Amdahl's Law, Gustafson's Trend, and the Performance Limits of Parallel Applications


Download PDF

Amdahl's Law, Gustafson's Trend, and the Performance Limits of Parallel Applications [PDF 120KB]


Abstract

Parallelization is a core strategic-planning consideration for all software makers, and the amount of performance benefit available from parallelizing a given application (or part of an application) is a key aspect of setting performance goals for the parallelization process. Theoretical discussions of performance potential are necessarily the starting point for understanding the critical issues involved, before moving to practical issues associated with a given project. Amdahl's Law and its modification by Gustafson's trend give us the basic means to understand what's possible for a given application, and tools and best practices give us the means to decide how to use that information in practice.


Overview

Whatever else the future holds, processors will deliver increasing performance for the foreseeable future through parallelization, manifested by higher numbers of execution cores per processor package.

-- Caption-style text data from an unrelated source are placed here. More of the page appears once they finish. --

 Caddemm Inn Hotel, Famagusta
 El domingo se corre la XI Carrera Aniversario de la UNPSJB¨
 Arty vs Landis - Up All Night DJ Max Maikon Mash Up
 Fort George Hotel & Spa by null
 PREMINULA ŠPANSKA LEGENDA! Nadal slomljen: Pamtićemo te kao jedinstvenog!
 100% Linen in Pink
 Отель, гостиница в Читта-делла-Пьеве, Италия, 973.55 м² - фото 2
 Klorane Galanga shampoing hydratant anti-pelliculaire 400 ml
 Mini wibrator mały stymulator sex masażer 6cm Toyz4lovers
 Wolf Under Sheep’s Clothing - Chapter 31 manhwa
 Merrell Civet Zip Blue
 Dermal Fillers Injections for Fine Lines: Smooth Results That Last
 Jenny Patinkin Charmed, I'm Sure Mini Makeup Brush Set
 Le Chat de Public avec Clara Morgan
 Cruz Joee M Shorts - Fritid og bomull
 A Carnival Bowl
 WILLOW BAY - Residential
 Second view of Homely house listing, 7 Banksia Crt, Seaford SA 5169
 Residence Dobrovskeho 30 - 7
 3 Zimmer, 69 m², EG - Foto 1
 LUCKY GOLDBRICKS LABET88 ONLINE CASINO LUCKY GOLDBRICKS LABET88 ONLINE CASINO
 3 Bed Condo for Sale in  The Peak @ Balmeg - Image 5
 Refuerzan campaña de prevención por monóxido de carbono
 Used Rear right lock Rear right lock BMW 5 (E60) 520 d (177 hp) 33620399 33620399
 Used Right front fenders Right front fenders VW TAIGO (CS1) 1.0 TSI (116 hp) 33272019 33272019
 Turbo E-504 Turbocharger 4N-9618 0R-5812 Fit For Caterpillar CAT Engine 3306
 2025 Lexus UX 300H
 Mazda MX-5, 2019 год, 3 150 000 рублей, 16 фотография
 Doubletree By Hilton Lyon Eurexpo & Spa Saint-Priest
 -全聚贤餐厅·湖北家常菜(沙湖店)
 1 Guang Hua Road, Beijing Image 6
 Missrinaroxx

There will no doubt be other dramatic enhancements, but multi-core processing is unique in the sense that both the trend itself and the means to take advantage of it (as well as the penalties for failing to do so) are highly predictable.

Software makers can be relatively assured that their efforts in threading their applications will afford them performance benefits in both the near and longer terms. Moreover, it is clear that robust threading practices will continue to become even more important as time goes on and the number of cores in mainstream processors continues to grow.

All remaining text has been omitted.